Exercise aim
Write out nothing but the lines from the one containing "Holzanhänger Weihnachtskugel Marum" through the last line below, both included, and without the pictures.
···
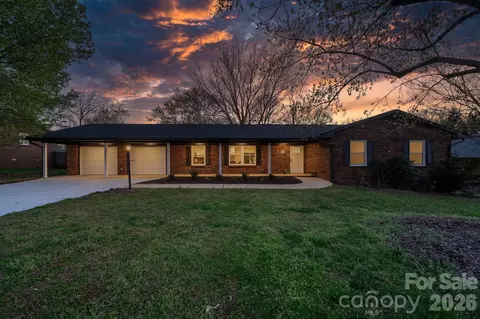 715 Sunridge Dr, Lincolnton, NC 28092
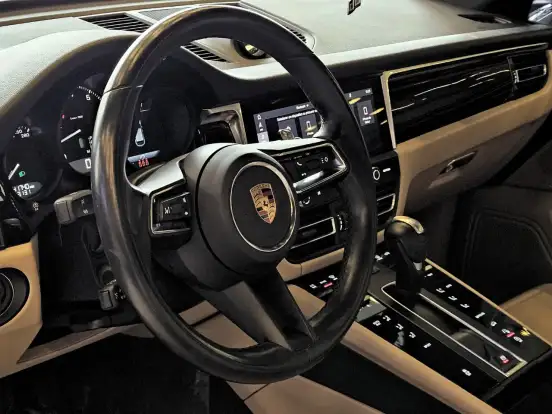 PORSCHE-MACAN-2022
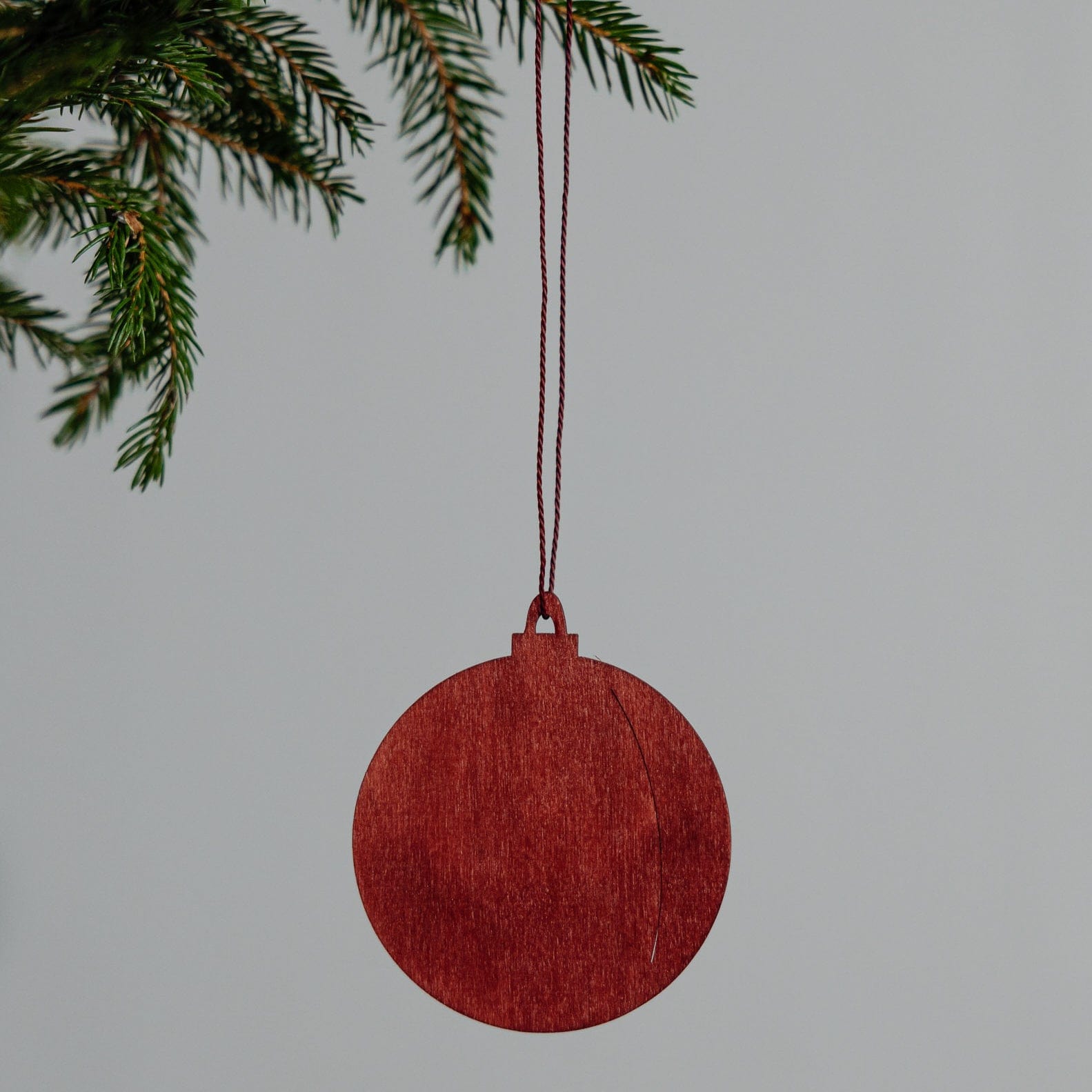 Holzanhänger Weihnachtskugel Marum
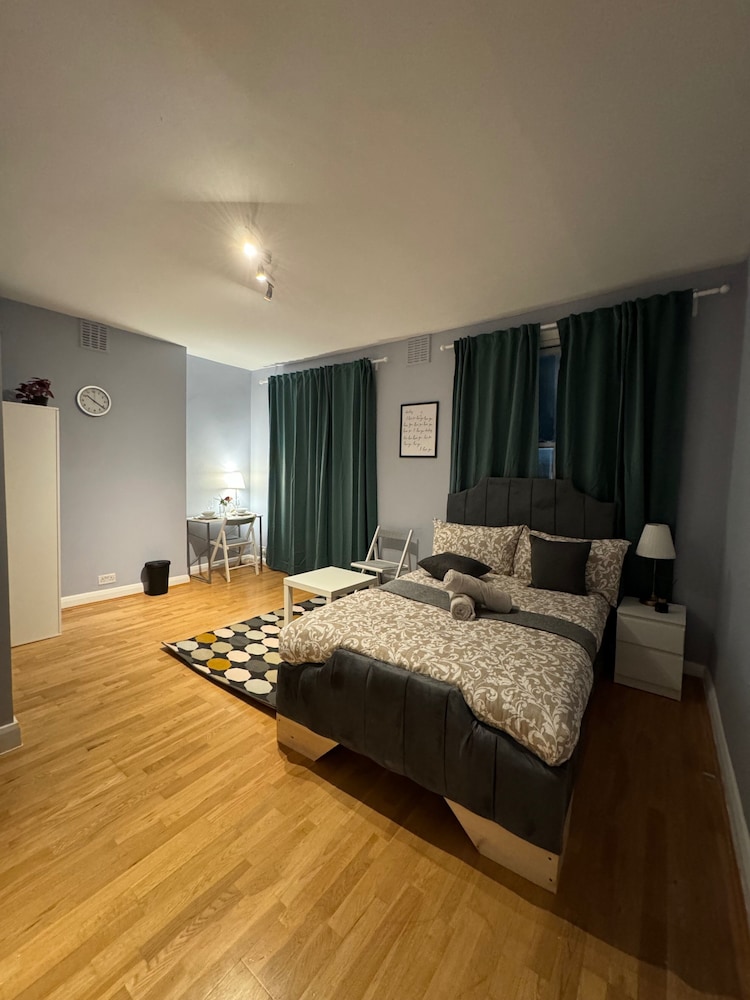 Studio - Sleeps 2 - Parking - Close to Paddington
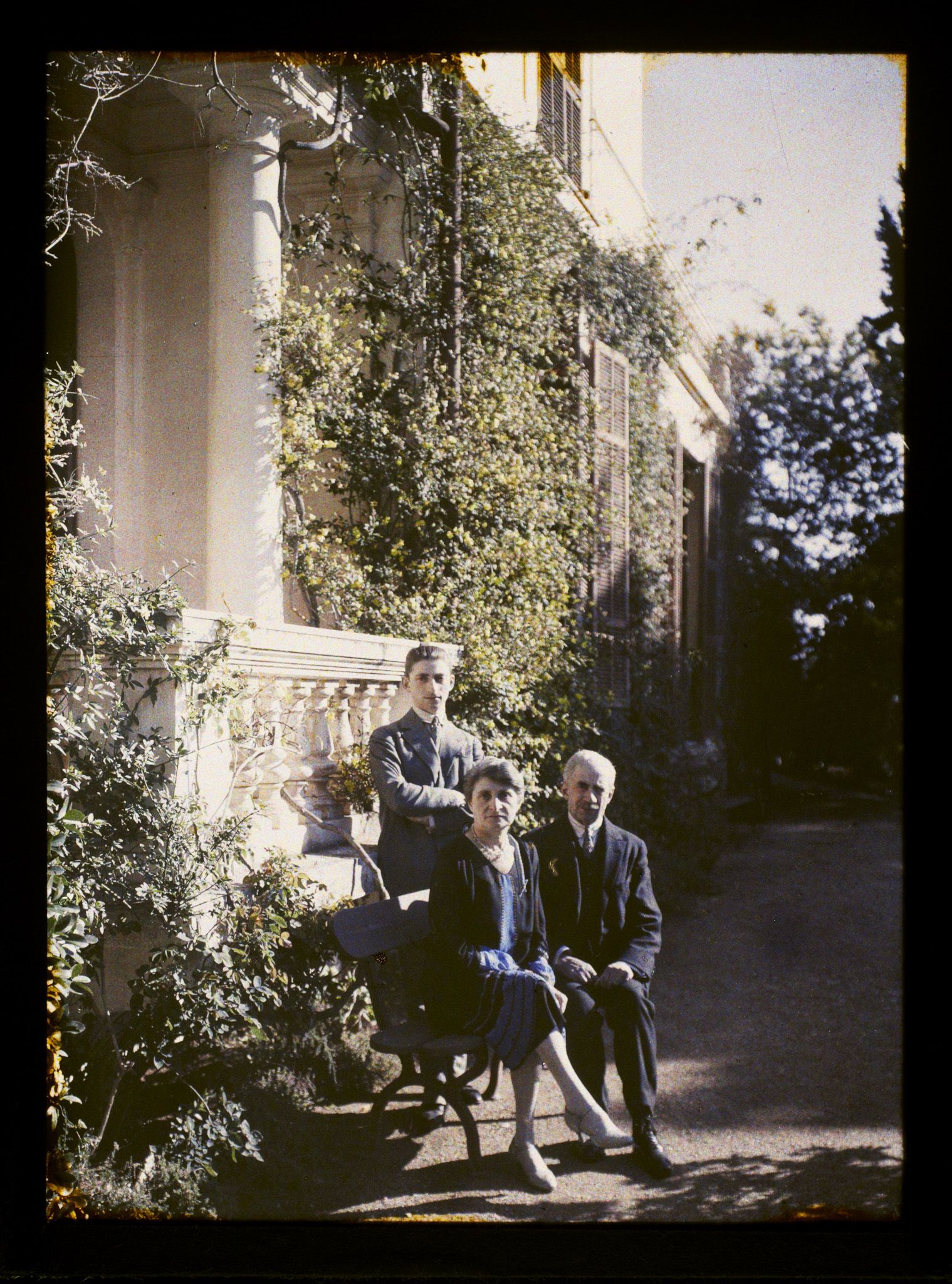 Image représentant René et Berthe Lévy, avec leur fils Robert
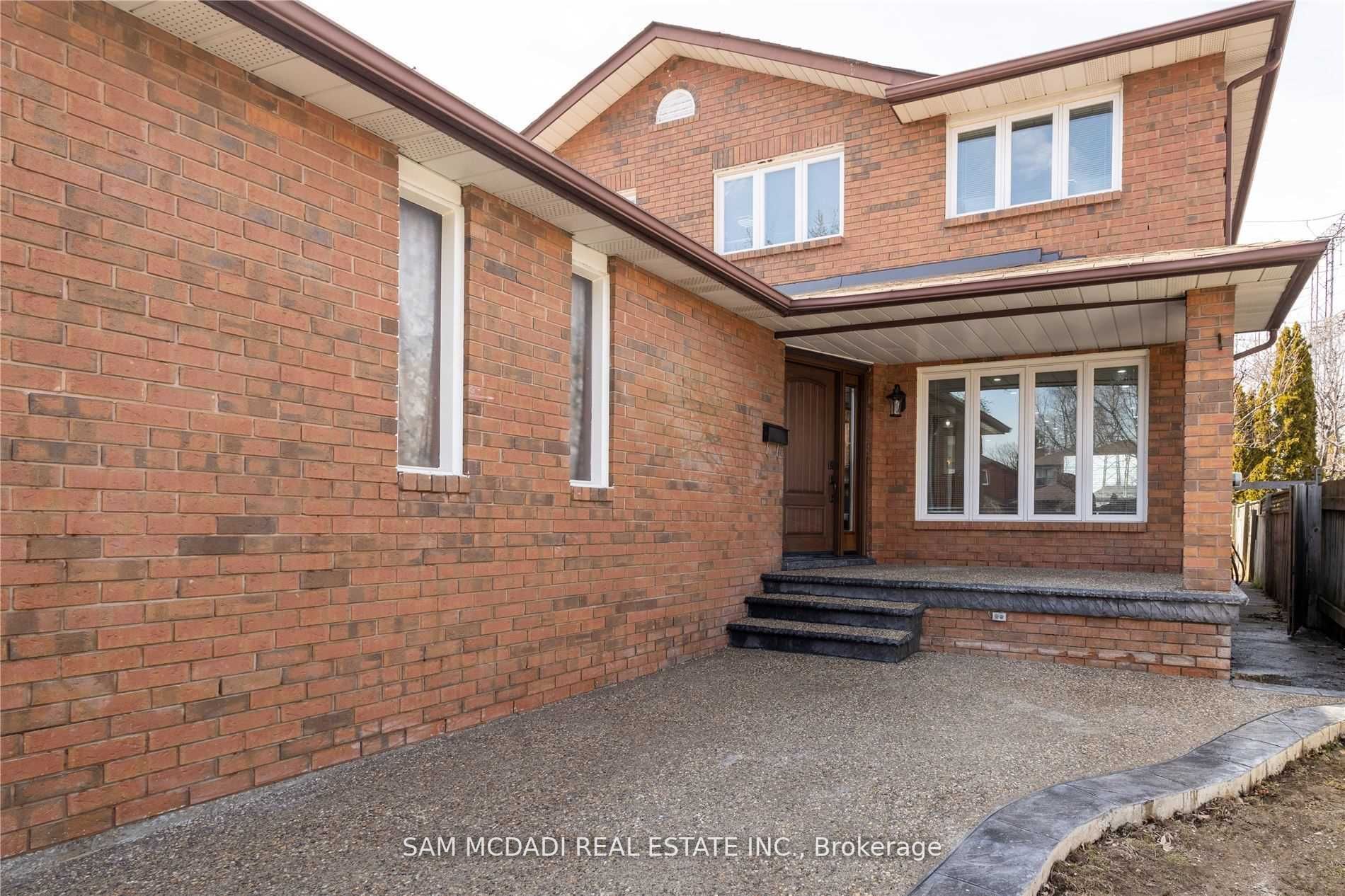1099 Hedge Dr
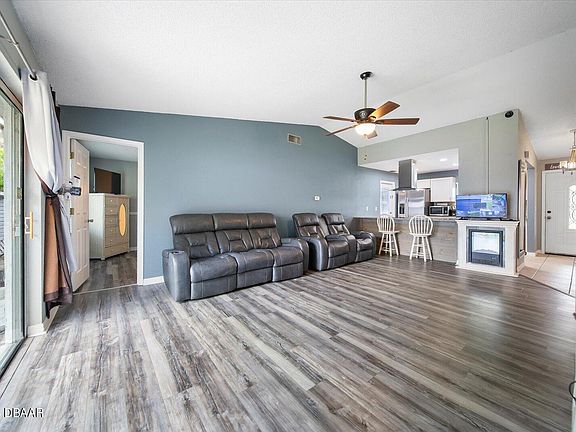4th image of 37 Laurel Oaks Cir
···
Result of the exercise
 Holzanhänger Weihnachtskugel Marum
 Studio - Sleeps 2 - Parking - Close to Paddington
 Image représentant René et Berthe Lévy, avec leur fils Robert
1099 Hedge Dr
4th image of 37 Laurel Oaks Cir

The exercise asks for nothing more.